James Bond: Hammerhead #4 (Dynamite Entertainment)
So what’s it about? The summary reads:
Bond finds himself at the mercy of Malfakhar, a Yemeni smuggler and black marketeer. But both men are mere pawns in a far greater game, with the fate of the world hanging in the balance. As the Hammerhead weapon is deployed and the true identity of the criminal mastermind Kraken is finally revealed, 007 makes a last desperate bid to prevent nuclear war!
Why does this book matter?
James Bond faces off against a potential nuclear war and the culprit is closer than you might think. This issue reveals who is behind Kraken and includes a wicked sequence as Bond attempts to stop a nuclear bomb from going off!
Fine, you have my attention. What’s good about it?

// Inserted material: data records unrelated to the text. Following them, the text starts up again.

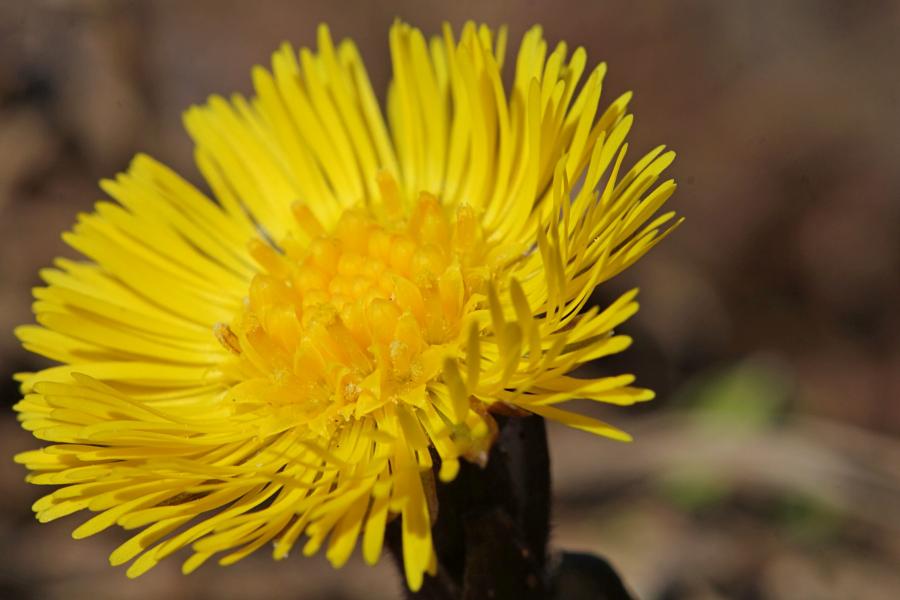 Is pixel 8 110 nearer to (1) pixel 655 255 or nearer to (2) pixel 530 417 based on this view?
(1) pixel 655 255

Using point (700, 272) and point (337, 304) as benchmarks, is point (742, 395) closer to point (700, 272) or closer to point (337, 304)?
point (700, 272)

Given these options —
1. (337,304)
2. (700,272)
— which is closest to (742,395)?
(700,272)

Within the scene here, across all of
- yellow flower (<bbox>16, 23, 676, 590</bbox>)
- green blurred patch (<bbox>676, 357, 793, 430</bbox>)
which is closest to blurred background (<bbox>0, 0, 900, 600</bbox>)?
green blurred patch (<bbox>676, 357, 793, 430</bbox>)

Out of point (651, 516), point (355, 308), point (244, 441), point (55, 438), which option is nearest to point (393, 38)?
point (355, 308)

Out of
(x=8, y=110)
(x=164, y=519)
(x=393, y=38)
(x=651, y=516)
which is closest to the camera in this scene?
(x=164, y=519)

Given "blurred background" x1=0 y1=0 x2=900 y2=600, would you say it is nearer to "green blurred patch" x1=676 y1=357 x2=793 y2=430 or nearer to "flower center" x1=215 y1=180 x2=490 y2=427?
"green blurred patch" x1=676 y1=357 x2=793 y2=430

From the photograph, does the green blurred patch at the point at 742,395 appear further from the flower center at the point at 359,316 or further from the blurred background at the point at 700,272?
the flower center at the point at 359,316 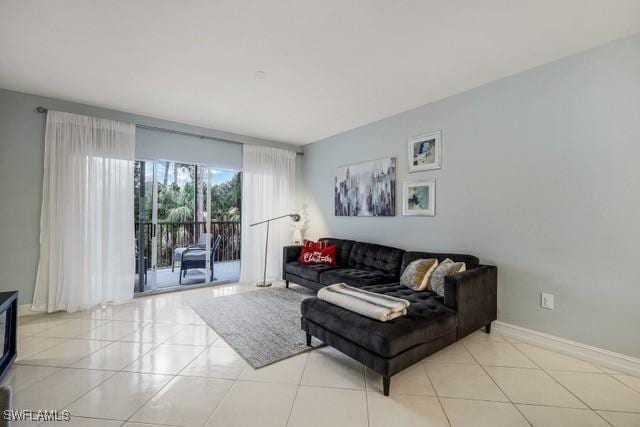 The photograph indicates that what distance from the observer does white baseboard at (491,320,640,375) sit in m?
2.04

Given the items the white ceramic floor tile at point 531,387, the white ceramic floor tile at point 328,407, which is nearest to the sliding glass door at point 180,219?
the white ceramic floor tile at point 328,407

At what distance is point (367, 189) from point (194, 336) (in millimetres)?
2844

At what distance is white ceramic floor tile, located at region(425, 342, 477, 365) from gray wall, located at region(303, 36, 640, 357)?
2.23 feet

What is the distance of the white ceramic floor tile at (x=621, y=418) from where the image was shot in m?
1.54

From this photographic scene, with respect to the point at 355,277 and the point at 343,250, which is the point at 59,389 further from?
the point at 343,250

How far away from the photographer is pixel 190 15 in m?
1.88

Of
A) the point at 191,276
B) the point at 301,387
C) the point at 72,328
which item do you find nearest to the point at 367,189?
the point at 301,387

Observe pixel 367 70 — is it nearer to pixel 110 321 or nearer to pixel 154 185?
pixel 154 185

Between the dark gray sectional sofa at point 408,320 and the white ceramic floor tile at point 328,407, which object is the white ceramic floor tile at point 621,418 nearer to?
the dark gray sectional sofa at point 408,320

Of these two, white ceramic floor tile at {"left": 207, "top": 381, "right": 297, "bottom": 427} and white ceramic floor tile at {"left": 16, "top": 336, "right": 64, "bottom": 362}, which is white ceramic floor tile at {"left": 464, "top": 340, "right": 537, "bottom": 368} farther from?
white ceramic floor tile at {"left": 16, "top": 336, "right": 64, "bottom": 362}

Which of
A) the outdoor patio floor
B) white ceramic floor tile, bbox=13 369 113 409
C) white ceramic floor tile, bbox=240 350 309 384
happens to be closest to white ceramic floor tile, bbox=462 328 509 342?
white ceramic floor tile, bbox=240 350 309 384

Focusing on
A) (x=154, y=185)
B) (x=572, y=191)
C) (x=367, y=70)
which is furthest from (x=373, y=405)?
(x=154, y=185)

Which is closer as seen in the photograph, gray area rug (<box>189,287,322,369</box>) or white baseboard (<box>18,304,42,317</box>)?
gray area rug (<box>189,287,322,369</box>)

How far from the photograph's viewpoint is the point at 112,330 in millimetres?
2748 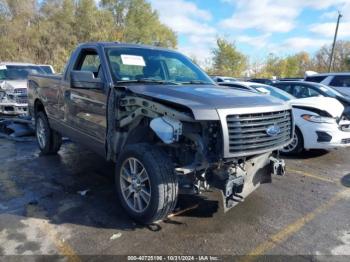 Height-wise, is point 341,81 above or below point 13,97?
above

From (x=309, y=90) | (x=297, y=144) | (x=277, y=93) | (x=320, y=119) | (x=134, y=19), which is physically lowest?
(x=297, y=144)

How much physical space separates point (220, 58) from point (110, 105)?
3887 centimetres

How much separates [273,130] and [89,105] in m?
2.48

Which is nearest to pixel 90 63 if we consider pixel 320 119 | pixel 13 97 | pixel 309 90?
pixel 320 119

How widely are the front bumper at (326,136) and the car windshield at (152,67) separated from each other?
2.73 m

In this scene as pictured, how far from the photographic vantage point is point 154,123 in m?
3.27

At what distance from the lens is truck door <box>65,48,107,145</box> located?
4199 millimetres

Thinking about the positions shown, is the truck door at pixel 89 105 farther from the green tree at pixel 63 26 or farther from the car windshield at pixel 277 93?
the green tree at pixel 63 26

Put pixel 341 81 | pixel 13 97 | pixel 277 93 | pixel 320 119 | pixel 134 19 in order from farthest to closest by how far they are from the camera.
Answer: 1. pixel 134 19
2. pixel 341 81
3. pixel 13 97
4. pixel 277 93
5. pixel 320 119

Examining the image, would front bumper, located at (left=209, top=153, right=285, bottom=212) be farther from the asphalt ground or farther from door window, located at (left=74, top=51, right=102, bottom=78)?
door window, located at (left=74, top=51, right=102, bottom=78)

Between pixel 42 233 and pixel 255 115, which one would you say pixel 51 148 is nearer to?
pixel 42 233

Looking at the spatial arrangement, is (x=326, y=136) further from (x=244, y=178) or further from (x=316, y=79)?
(x=316, y=79)

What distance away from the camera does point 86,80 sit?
4117mm

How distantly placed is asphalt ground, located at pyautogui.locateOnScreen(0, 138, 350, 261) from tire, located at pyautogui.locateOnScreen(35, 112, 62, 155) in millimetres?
994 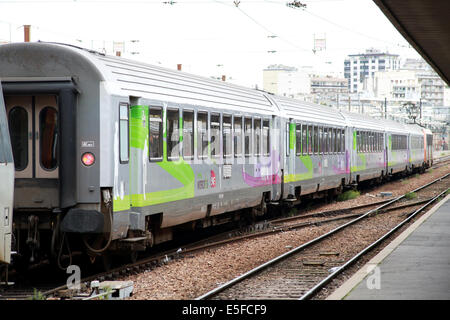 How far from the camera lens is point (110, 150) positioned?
11570mm

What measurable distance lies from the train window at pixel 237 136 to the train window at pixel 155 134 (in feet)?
12.9

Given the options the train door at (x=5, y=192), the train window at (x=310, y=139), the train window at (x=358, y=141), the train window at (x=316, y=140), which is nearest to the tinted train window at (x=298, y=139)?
the train window at (x=310, y=139)

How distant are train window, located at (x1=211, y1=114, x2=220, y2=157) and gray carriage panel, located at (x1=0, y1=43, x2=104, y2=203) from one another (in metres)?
4.49

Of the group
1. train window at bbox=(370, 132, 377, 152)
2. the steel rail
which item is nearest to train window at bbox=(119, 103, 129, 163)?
the steel rail

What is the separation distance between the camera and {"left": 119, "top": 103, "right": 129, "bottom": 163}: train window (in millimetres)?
11914

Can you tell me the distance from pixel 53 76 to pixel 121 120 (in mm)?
1134

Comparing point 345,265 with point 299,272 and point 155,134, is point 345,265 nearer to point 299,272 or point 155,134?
point 299,272

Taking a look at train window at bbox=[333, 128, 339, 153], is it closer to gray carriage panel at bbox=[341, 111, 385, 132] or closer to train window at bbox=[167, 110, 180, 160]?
gray carriage panel at bbox=[341, 111, 385, 132]

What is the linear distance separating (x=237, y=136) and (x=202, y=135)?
215 centimetres

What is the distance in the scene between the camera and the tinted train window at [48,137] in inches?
458

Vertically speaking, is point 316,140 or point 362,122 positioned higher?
point 362,122

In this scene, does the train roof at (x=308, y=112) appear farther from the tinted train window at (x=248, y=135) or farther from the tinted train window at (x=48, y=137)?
the tinted train window at (x=48, y=137)

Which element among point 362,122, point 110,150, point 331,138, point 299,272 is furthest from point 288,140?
point 362,122
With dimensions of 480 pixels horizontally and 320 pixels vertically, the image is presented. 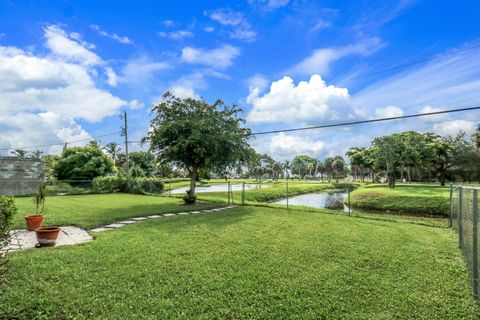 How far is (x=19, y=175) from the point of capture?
20.3 metres

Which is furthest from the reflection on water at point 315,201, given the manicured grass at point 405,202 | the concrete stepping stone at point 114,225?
the concrete stepping stone at point 114,225

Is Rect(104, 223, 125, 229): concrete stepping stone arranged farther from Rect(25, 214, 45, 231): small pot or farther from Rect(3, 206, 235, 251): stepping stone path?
Rect(25, 214, 45, 231): small pot

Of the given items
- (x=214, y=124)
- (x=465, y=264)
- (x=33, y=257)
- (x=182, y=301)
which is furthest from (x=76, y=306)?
(x=214, y=124)

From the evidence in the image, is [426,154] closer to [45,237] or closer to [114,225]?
[114,225]

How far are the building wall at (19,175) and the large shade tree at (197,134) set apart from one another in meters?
13.4

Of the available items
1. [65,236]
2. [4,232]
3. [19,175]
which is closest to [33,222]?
[65,236]

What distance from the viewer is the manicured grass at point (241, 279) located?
10.2ft

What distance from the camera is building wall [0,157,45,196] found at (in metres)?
19.7

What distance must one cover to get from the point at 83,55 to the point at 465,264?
13.7 metres

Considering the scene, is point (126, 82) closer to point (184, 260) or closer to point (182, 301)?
point (184, 260)

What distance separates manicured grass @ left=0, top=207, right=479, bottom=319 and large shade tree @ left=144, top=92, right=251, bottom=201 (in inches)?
259

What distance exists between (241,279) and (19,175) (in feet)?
75.9

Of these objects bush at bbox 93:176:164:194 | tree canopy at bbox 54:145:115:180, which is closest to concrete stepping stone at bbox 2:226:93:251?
bush at bbox 93:176:164:194

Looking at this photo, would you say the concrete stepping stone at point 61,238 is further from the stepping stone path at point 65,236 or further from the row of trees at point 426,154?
the row of trees at point 426,154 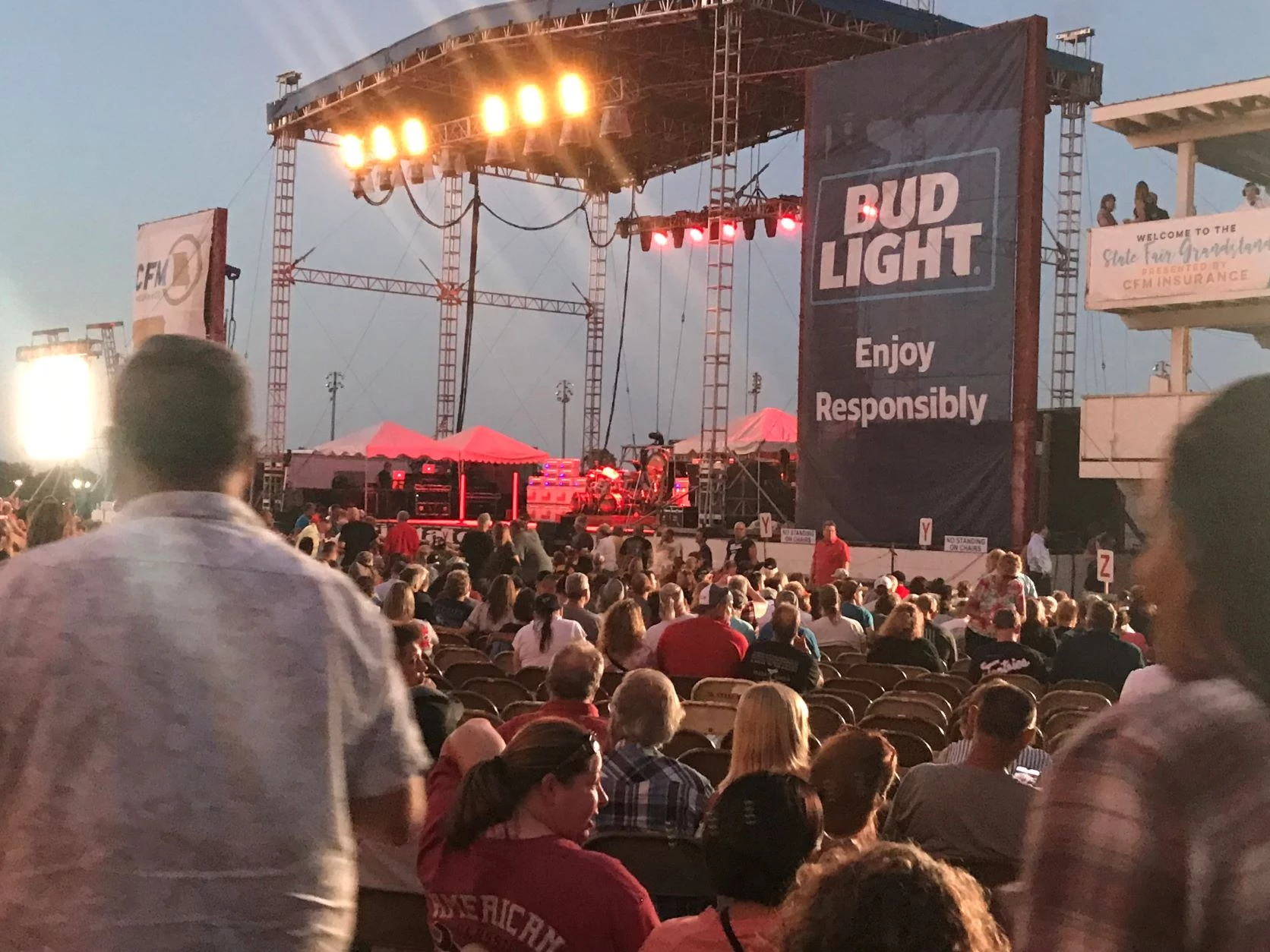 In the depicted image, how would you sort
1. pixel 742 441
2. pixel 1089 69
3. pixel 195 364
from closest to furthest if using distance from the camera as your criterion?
pixel 195 364 → pixel 742 441 → pixel 1089 69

Yeah, this doesn’t look like an evil lair. Nope!
Andy Diggle writes a solid issue from beginning to end as Bond must befriend an enemy and use what he has to stop nuclear war, making Bond’s relationship with “The Fox” an intriguing one. After their war of words they must team up to save the world. It’s interesting to see the usually straight-laced Bond interacting respectfully with a guy he’d normally shoot in the head without hesitation.
Meanwhile, M attempts to get a handle on the company that has created the Hammerhead missiles and it’s quite clear Diggle is doing a bit of commentary when it comes to the greed of corporations. As M begins to discover what this company is made of, Bond pieces things together and the villain’s plan reveals itself. The issue itself is paced well, building towards new information and reveals in interesting ways.
The art by Luca Casalanguida continues to be good though a bit looser than in previous issues. Bond attempting to shut down a nuclear bomb is intense due to Casalanguida’s well crafted layouts and panel work which adds tension to the scene. Later, as Bond attempts to infiltrate a ship, you get the sense his calm resolve is an asset when sneaking up on enemies. This leads to another pulse-pounding scene with a bomb literally seconds from starting World War 3.
It can’t be perfect can it?
This is good espionage comics, but the plot does seem to be moving a tad slowly. Each issue certainly has a big action set piece and new information, but it feels like the pace is slower than it needs to be. It makes the big reveal of who the bad guy is rather ho-hum when you consider how obvious a twist it ends up being.
A friendship begins…
Is It Good?
James Bond: Hammerhead captures the espionage angle to a T, which makes for a riveting spy drama. The general pace is a tad slow, but not enough to dampen the solid storytelling in play.